Return only these lines, exactly: the one containing "Sterling Silver Round Halo CZ Linked Bracelet" and every line after it in the listing.

START DATA SHOWN

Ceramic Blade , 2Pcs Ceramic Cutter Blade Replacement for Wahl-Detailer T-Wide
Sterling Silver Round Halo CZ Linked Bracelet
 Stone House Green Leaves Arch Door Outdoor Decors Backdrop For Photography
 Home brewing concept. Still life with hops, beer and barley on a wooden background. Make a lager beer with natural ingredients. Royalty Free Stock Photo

END DATA SHOWN

# RESPONSE FOR THIS EXERCISE
Sterling Silver Round Halo CZ Linked Bracelet
 Stone House Green Leaves Arch Door Outdoor Decors Backdrop For Photography
 Home brewing concept. Still life with hops, beer and barley on a wooden background. Make a lager beer with natural ingredients. Royalty Free Stock Photo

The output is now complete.